__WORK TO BE COMPLETED__
Return exactly the lines of the entries, from the one with "Şandeke leşkerî ya Hewlêr û Bexda civiyan" to the last.

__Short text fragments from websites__
= Beginning of Section =

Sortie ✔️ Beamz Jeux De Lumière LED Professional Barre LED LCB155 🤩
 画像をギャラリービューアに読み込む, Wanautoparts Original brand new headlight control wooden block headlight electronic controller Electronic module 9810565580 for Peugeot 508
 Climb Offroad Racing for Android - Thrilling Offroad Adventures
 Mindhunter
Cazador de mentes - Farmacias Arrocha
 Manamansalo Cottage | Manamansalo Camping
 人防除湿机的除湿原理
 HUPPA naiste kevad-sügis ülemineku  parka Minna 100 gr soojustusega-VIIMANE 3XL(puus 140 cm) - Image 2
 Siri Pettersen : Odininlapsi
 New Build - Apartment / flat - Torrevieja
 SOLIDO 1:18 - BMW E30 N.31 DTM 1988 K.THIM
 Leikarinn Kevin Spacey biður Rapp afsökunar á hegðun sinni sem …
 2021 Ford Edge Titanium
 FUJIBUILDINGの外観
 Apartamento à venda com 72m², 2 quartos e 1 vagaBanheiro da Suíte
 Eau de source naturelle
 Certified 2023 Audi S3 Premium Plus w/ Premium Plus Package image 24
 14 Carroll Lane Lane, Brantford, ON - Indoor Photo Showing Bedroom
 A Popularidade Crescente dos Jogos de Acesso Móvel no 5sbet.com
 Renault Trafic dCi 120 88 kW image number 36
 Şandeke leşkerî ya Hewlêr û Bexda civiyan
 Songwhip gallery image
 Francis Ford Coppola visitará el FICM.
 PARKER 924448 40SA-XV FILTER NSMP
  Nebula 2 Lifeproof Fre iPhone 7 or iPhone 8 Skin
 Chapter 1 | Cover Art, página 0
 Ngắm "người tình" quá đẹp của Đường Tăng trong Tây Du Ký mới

= End of Section =

__RESPONSE FOR THIS EXERCISE__
 Şandeke leşkerî ya Hewlêr û Bexda civiyan
 Songwhip gallery image
 Francis Ford Coppola visitará el FICM.
 PARKER 924448 40SA-XV FILTER NSMP
  Nebula 2 Lifeproof Fre iPhone 7 or iPhone 8 Skin
 Chapter 1 | Cover Art, página 0
 Ngắm "người tình" quá đẹp của Đường Tăng trong Tây Du Ký mới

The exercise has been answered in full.